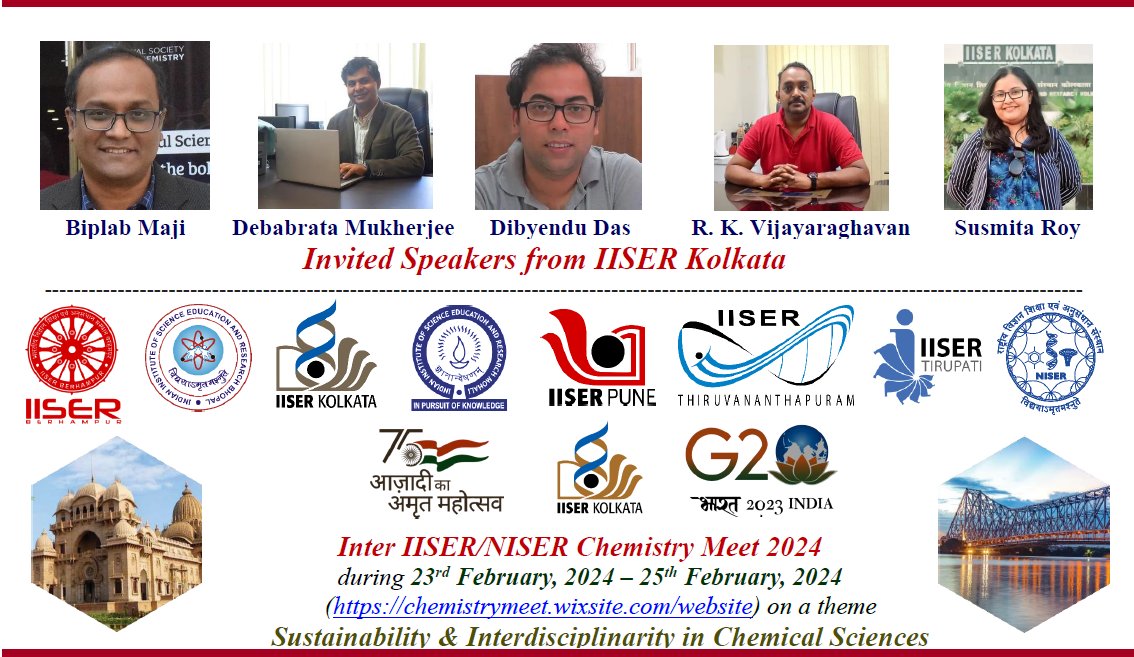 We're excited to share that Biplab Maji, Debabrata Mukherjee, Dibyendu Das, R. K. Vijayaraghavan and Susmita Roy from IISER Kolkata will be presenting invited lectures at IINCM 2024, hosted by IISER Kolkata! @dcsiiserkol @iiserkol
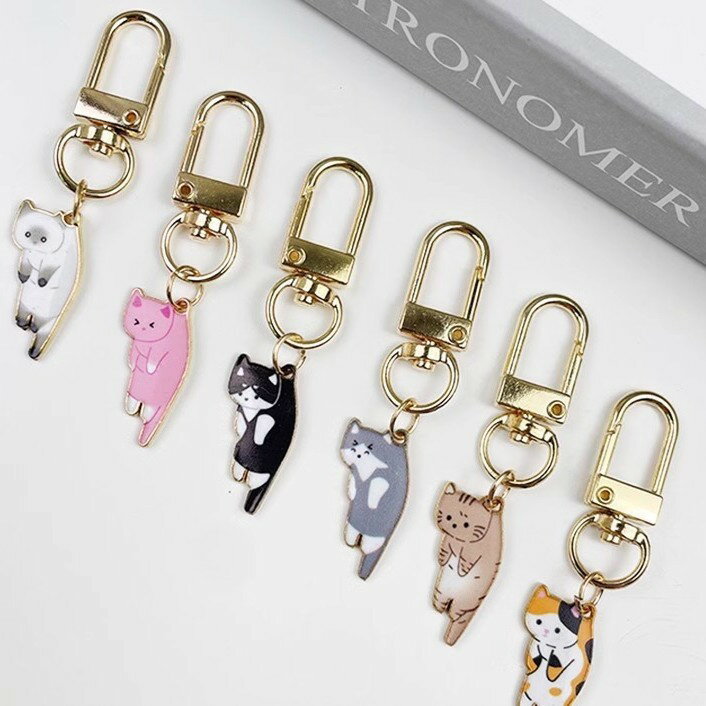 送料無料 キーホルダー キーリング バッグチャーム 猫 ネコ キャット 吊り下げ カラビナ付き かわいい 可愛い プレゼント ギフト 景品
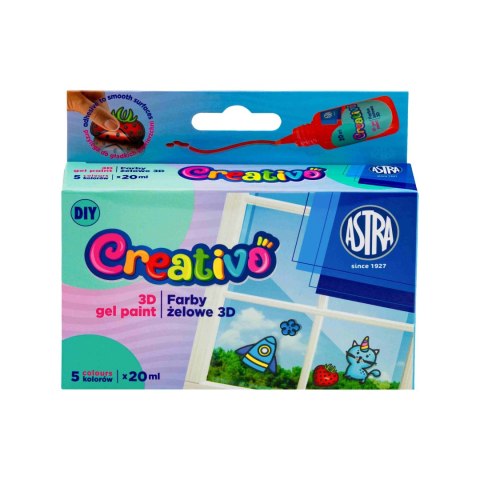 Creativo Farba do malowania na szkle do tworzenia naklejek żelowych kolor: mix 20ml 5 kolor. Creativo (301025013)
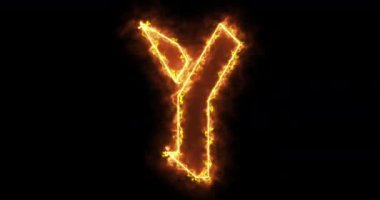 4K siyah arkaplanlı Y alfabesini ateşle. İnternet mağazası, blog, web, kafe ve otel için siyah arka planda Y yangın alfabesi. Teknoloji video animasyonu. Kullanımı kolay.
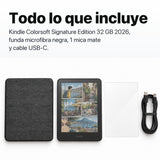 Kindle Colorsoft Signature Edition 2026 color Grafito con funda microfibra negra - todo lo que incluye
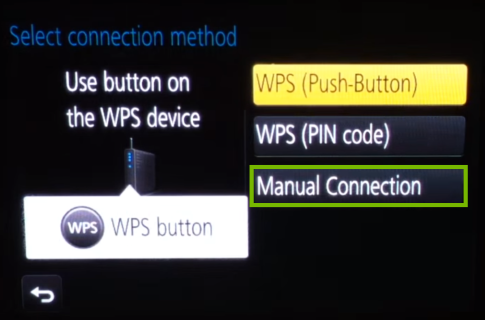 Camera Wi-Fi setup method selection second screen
...
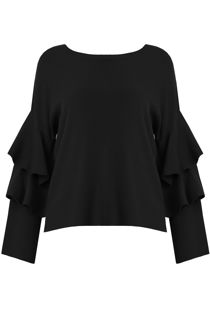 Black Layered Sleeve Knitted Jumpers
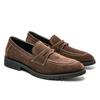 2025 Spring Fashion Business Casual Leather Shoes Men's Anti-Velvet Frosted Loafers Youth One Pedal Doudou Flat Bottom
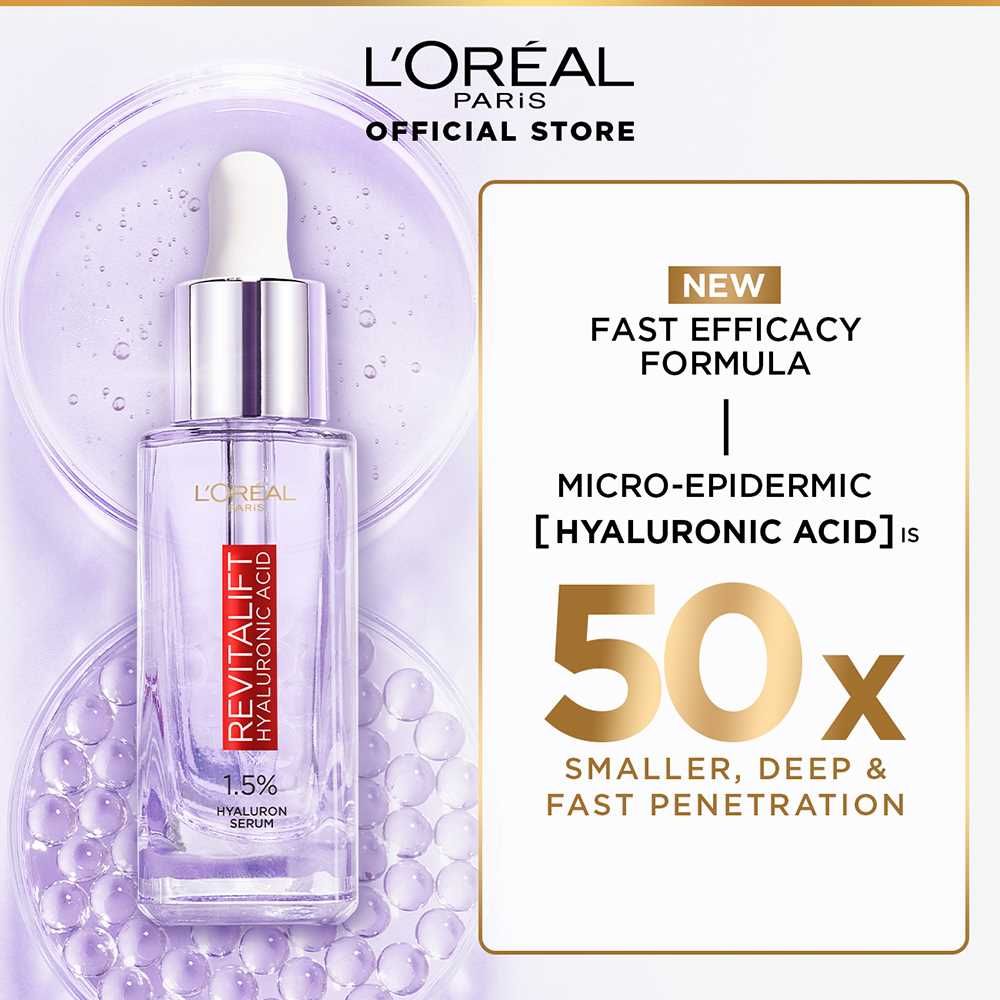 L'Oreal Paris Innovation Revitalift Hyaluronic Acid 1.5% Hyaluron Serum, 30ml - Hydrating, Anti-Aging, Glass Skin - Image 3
...
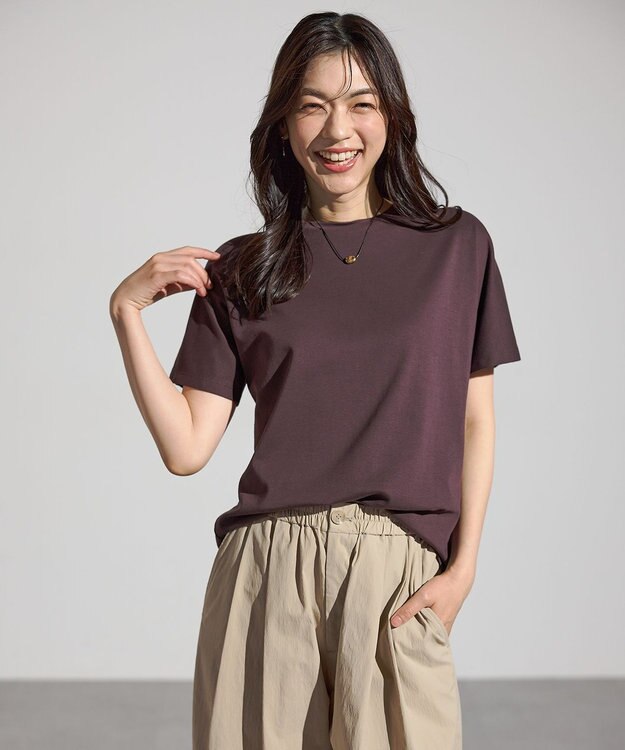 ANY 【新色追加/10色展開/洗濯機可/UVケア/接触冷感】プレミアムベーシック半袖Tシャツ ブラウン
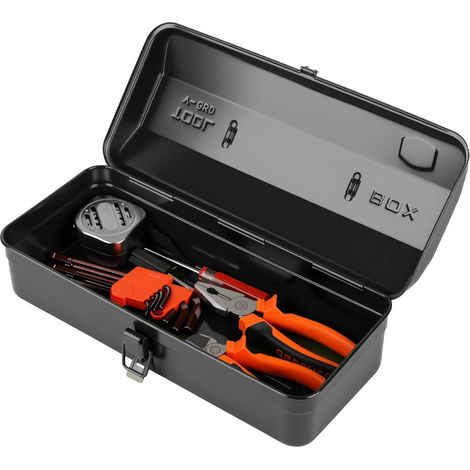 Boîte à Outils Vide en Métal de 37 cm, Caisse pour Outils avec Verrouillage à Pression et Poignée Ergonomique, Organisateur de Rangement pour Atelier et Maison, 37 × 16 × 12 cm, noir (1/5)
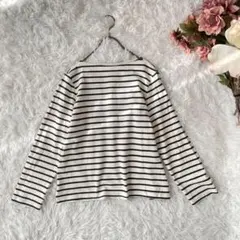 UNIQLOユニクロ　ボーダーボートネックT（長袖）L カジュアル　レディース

Exercise goal.
Going by the data above, give back only the lines from the one containing "4K siyah arkaplanlı" through the one containing "Camera Wi-Fi setup", exactly as they stand, both ends included and no images.

Answer area.
 4K siyah arkaplanlı Y alfabesini ateşle. İnternet mağazası, blog, web, kafe ve otel için siyah arka planda Y yangın alfabesi. Teknoloji video animasyonu. Kullanımı kolay.
 Kindle Colorsoft Signature Edition 2026 color Grafito con funda microfibra negra - todo lo que incluye
 Camera Wi-Fi setup method selection second screen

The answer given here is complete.